### [EXERCISE DESCRIPTION]
Could you output, word for word, only the lines from the line with "from Koss Koss" to the end of the entries, including both ends? Omit the pictures.

### [RECORDS FOR THIS EXERCISE]
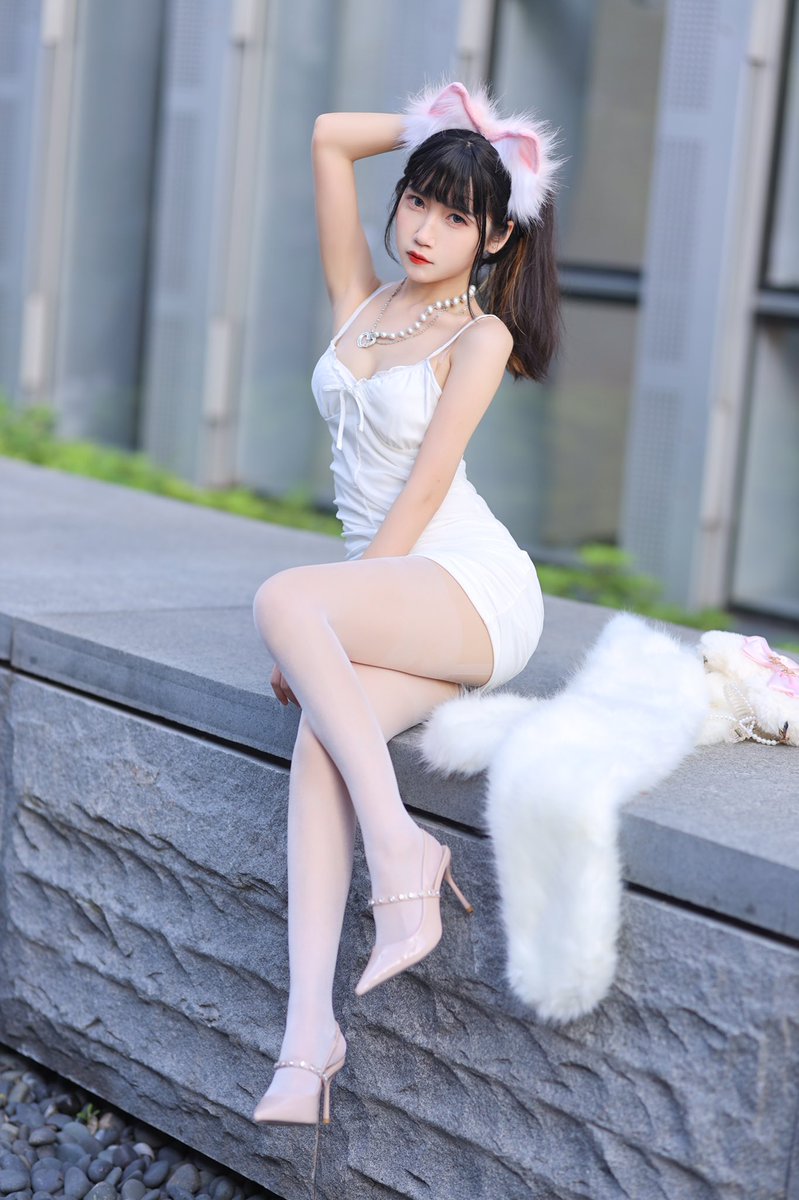 漫展出现狐狸姐姐 https://t.co/uCMLICPoWq
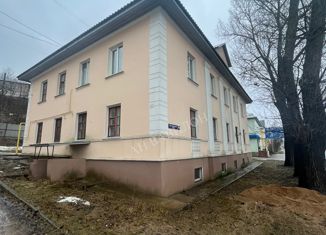 2-ком. квартира на продажу, 43 м2, Смоленск, Витебское шоссе, 72, Заднепровский район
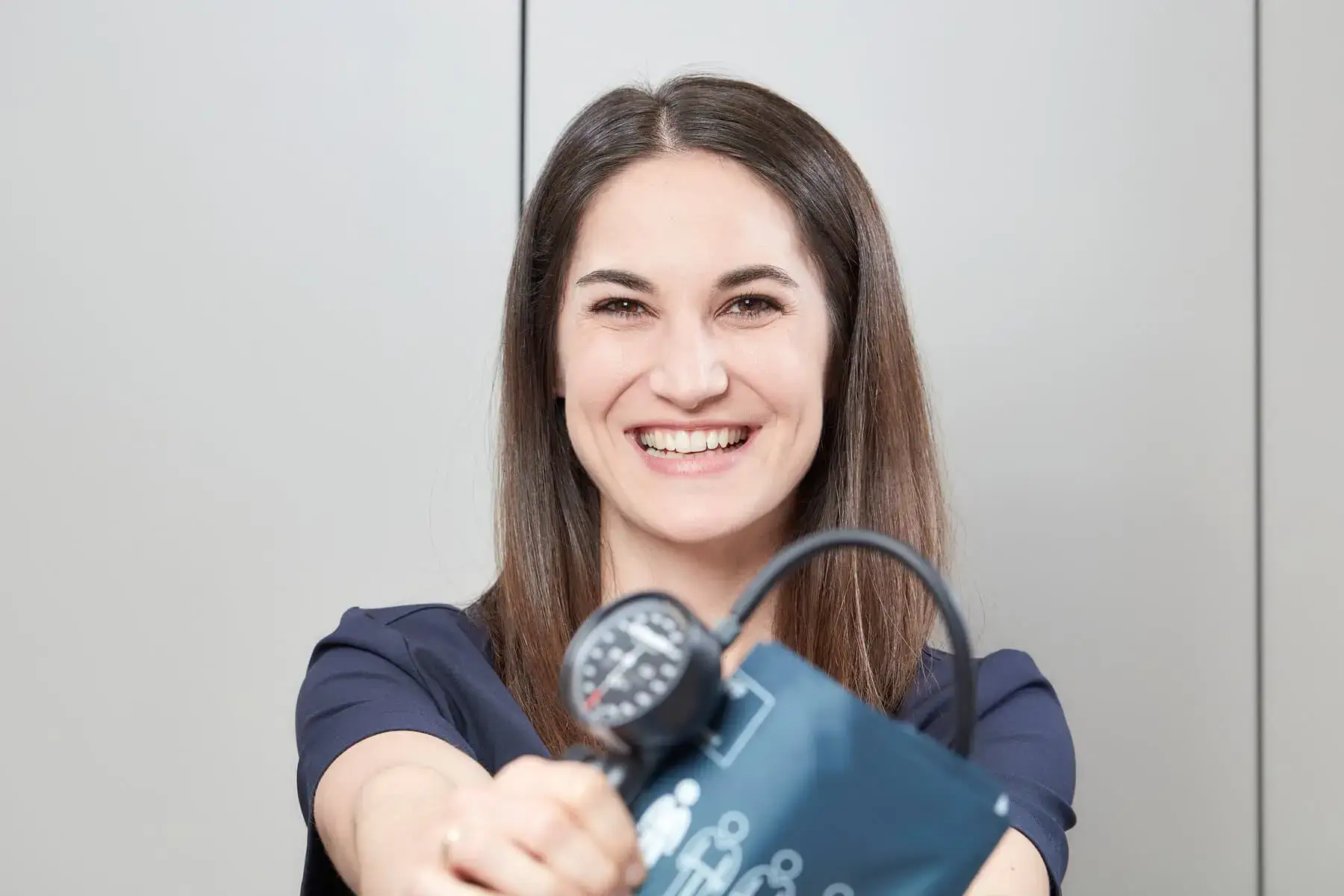 Diana Mayr, BScN, Diabetesberaterin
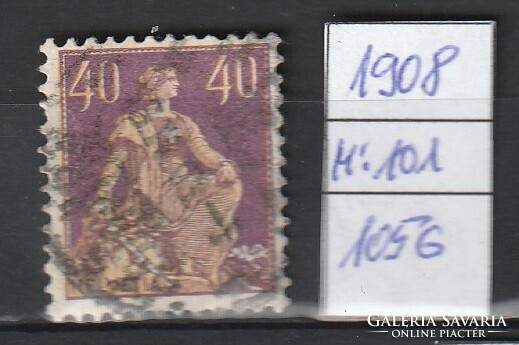 Svájc M 101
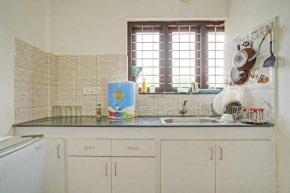 Hotel O Cochin Airport Apartments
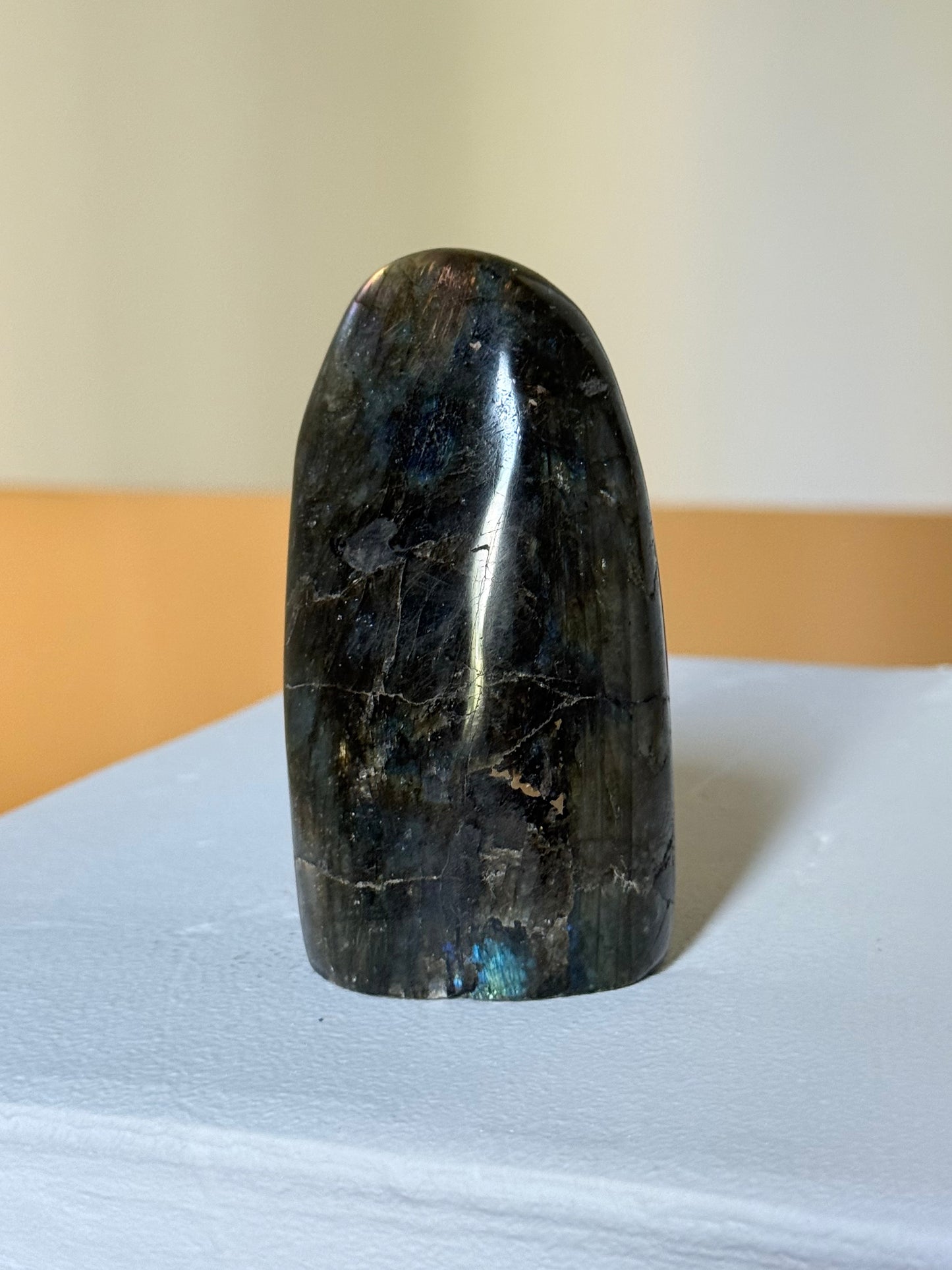 Labradorite Freeform | Freeform de Labradorita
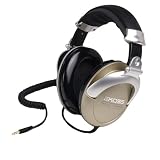 from Koss Koss PRO/4AAT - Titanium Stereo High quality Headphone (Model 145567)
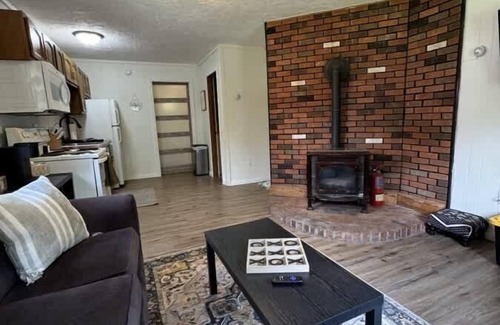 Bessemer Condo | Summer Time Escapes at Powderhorn Mountain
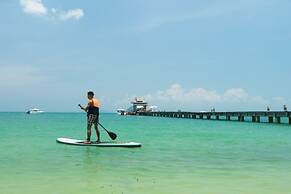 Santhiya Koh Yao Yai Resort & Spa - Compulsory Join Santhiya Speedboat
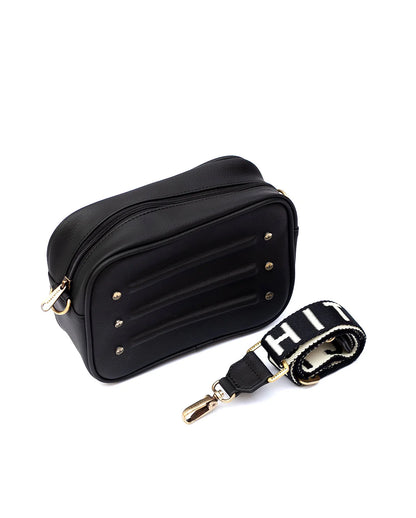 Cartera Crossbody  Nuba - Parchita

### [TASK OUTPUT]
 from Koss Koss PRO/4AAT - Titanium Stereo High quality Headphone (Model 145567)
 Bessemer Condo | Summer Time Escapes at Powderhorn Mountain
 Santhiya Koh Yao Yai Resort & Spa - Compulsory Join Santhiya Speedboat
 Cartera Crossbody  Nuba - Parchita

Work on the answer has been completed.